* _WHAT YOU HAVE TO DO_
Restate the following records word for word without images.

* _DATA FOR REVIEW_
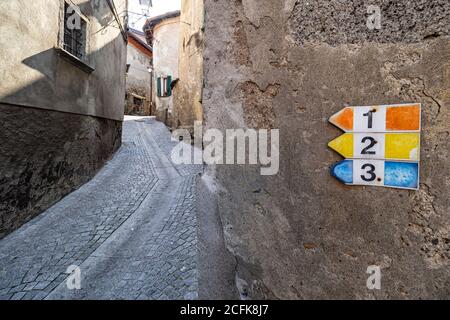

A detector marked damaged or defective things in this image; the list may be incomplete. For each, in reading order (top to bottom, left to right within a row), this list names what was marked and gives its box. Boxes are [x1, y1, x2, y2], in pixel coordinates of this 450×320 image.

cracked wall [204, 0, 450, 300]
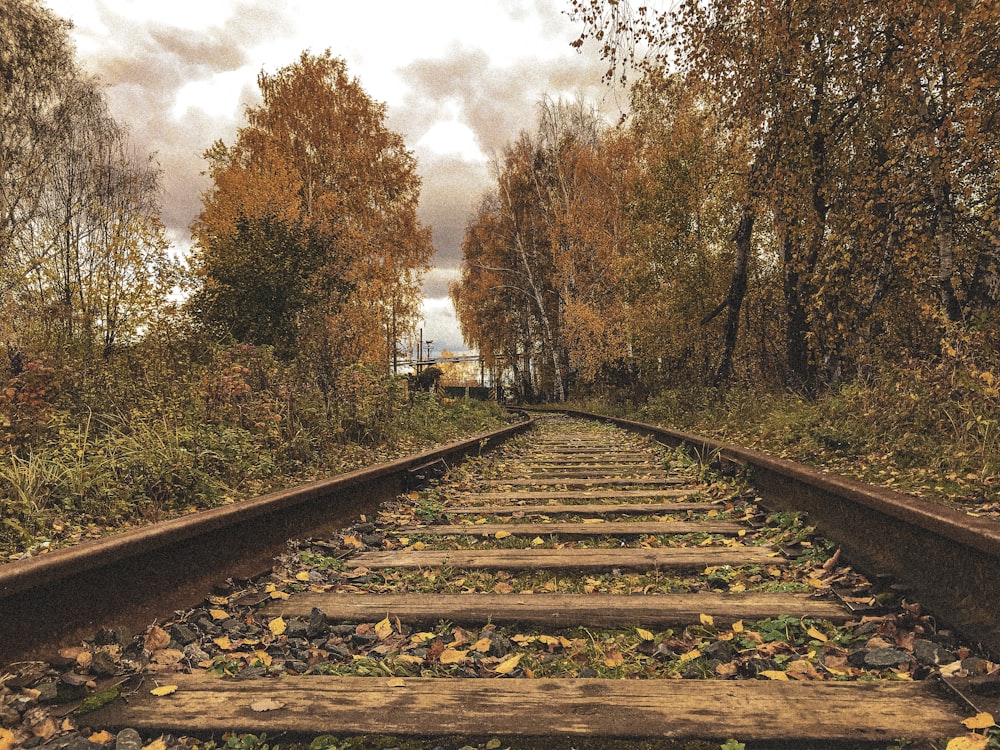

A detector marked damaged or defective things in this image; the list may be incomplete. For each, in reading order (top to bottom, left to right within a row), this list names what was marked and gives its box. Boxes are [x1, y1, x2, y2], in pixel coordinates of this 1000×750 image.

rusty rail [0, 420, 532, 668]
rusty rail [560, 408, 1000, 660]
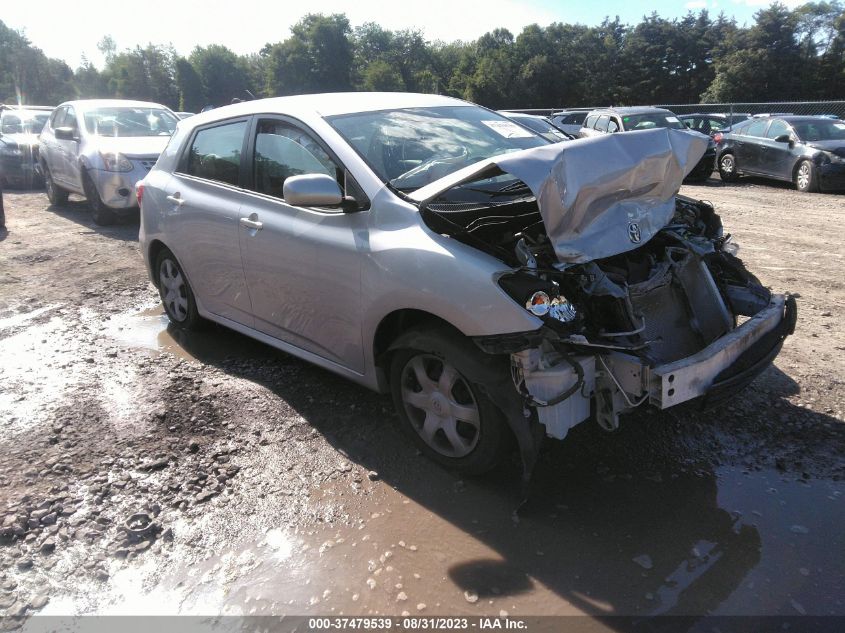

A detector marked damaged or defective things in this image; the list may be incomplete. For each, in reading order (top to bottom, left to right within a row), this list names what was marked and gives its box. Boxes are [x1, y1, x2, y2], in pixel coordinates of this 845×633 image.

crumpled hood [89, 134, 171, 156]
crumpled hood [408, 130, 704, 262]
damaged front end [412, 130, 796, 470]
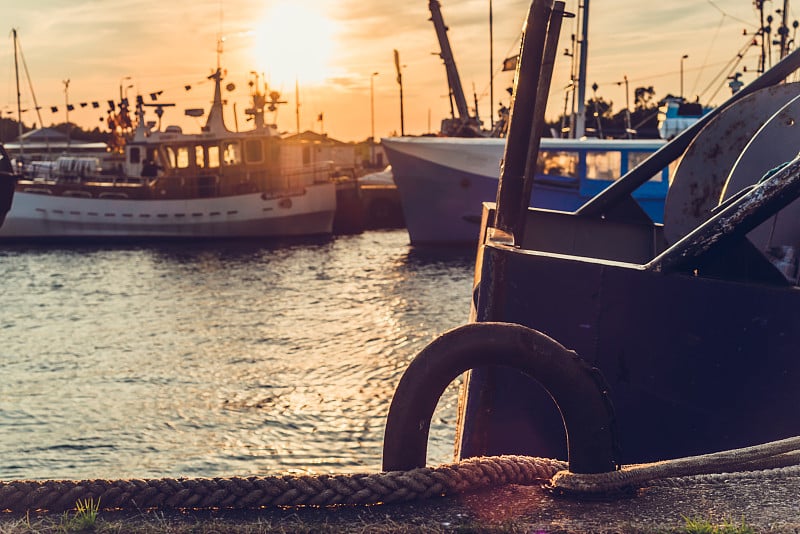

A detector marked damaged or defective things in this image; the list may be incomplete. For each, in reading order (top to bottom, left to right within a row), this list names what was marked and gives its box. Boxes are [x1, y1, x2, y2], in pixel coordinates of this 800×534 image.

rusty metal plate [664, 82, 800, 246]
rusty metal plate [720, 93, 800, 255]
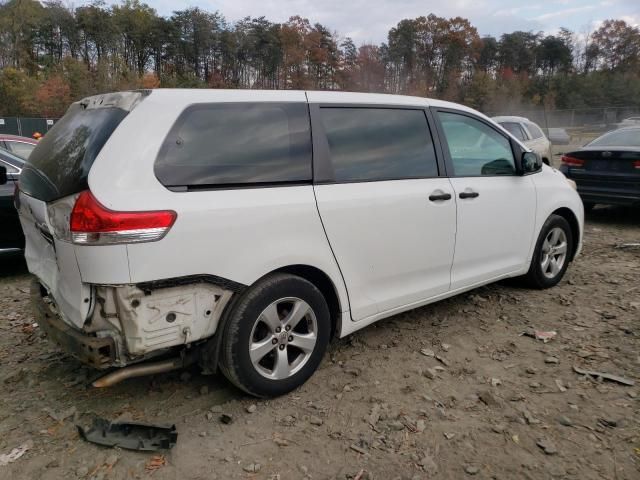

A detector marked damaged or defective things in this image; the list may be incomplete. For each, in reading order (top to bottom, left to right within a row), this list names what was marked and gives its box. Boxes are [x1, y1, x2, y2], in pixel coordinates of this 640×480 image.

exposed rear wheel well [552, 206, 580, 258]
damaged rear bumper [31, 280, 116, 370]
exposed rear wheel well [276, 262, 342, 338]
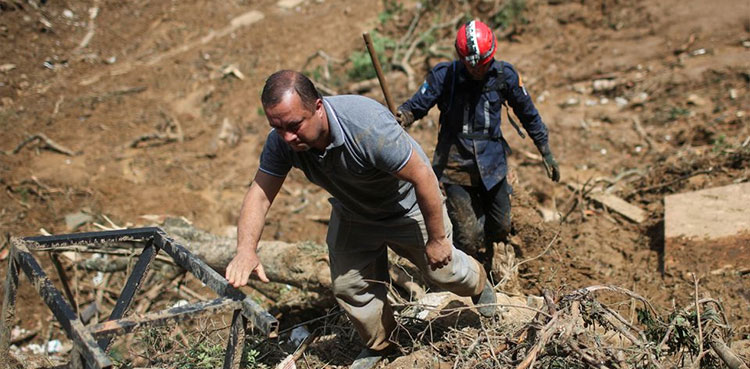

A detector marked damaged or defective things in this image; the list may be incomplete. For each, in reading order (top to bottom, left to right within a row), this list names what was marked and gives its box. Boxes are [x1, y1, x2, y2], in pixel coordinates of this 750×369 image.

rusty metal frame [0, 227, 280, 368]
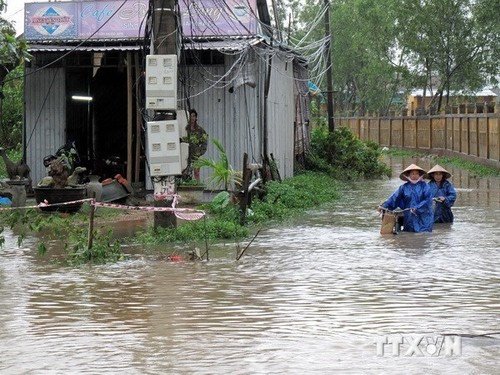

* _WORKED SOLUTION_
A detector marked damaged or defective things in this image; the list may be incomplete. For each, in reading order (top to bottom, left to right within a row), this list names what was marked and gives its box. Boxes are [x1, y1, x2, y2], in pixel coordinates of this 450×320 image.

cracked wall [204, 0, 450, 300]

A detector marked damaged or defective things in this image; the list may be incomplete. For each, in reading order (top to bottom, left to right within a row), this list names what was marked and gives its box. Boxes are [x1, y1, x2, y2], in pixel coordinates of this 1000×750 image.

rusty rail [0, 420, 532, 668]
rusty rail [560, 408, 1000, 660]

A detector marked damaged or defective things in this image; the list may be incomplete. For each, in reading order (top to bottom, left to right within a row), this list names what was marked and gives its box. Boxes are [x1, y1, x2, y2], in pixel coordinates of this 845×633 image.

crumpled hood [89, 134, 171, 156]
crumpled hood [408, 130, 704, 262]
damaged front end [412, 130, 796, 470]

A detector marked damaged or defective things in this image; the list may be incomplete. For each, in reading order (top to bottom, left to right within a row), this list names what was marked and gives its box. Boxes are [x1, y1, x2, y2], in pixel coordinates of this 800×534 image.

rusty metal plate [664, 82, 800, 246]
rusty metal plate [720, 93, 800, 255]

A detector marked damaged or defective things in this image; the list may be incomplete. For each, in reading order (top to bottom, left to right within a row), this list names what was marked and gives its box. Boxes are [x1, y1, x2, y2], in pixel coordinates of this 640×480 image.

exposed rear wheel well [552, 206, 580, 258]
damaged rear bumper [31, 280, 116, 370]
exposed rear wheel well [276, 262, 342, 338]

A detector marked damaged or defective things in this image; the list may be incomplete. For each, in reading order (top to bottom, left to right within a row), this list names what was marked and gives its box. Boxes are [x1, y1, x2, y2], in pixel coordinates of this 750×369 image.

rusty metal frame [0, 227, 280, 368]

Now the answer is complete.